> [Required work] Find the line below with "Luxury Cream Attached" and the line with "Floral Embroidered V-Neck Midi Dress". Output them and the lines between, exactly, but not the pictures.

> [Material shown]
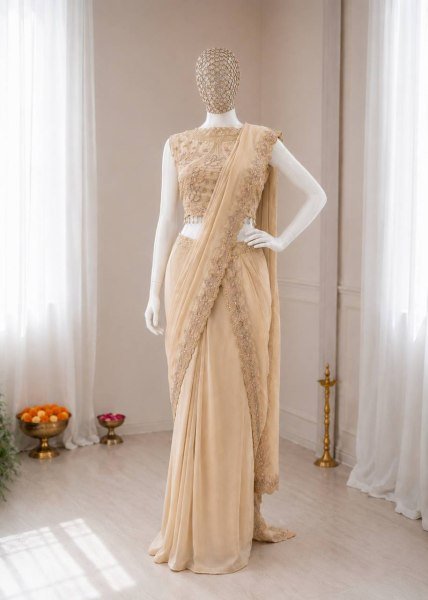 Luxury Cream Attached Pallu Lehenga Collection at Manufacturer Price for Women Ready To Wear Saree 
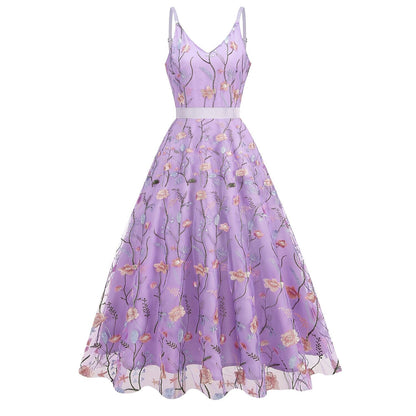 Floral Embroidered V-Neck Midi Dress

* * *

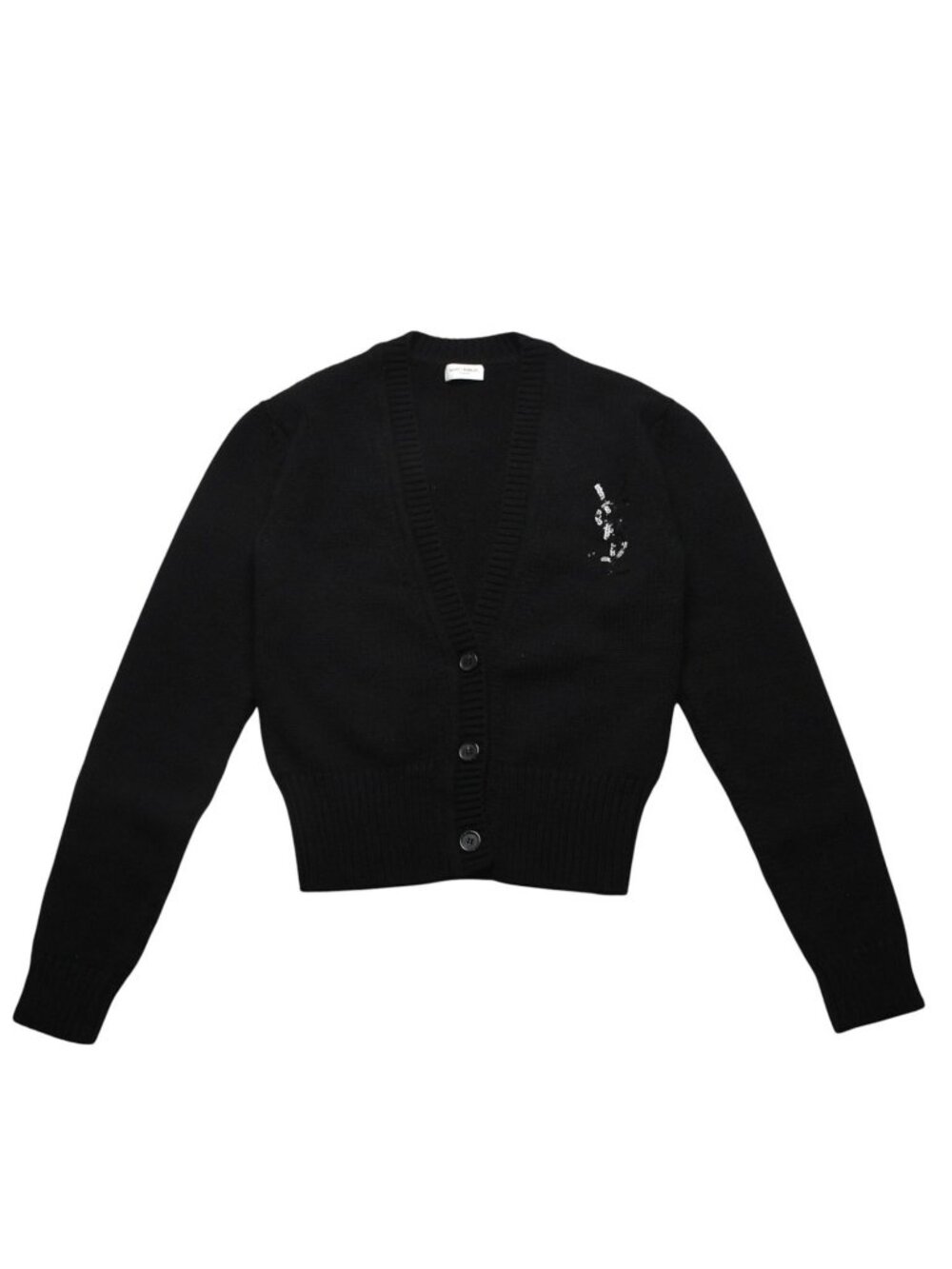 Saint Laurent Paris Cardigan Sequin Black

> [Answer to the problem]
 Luxury Cream Attached Pallu Lehenga Collection at Manufacturer Price for Women Ready To Wear Saree 
 Floral Embroidered V-Neck Midi Dress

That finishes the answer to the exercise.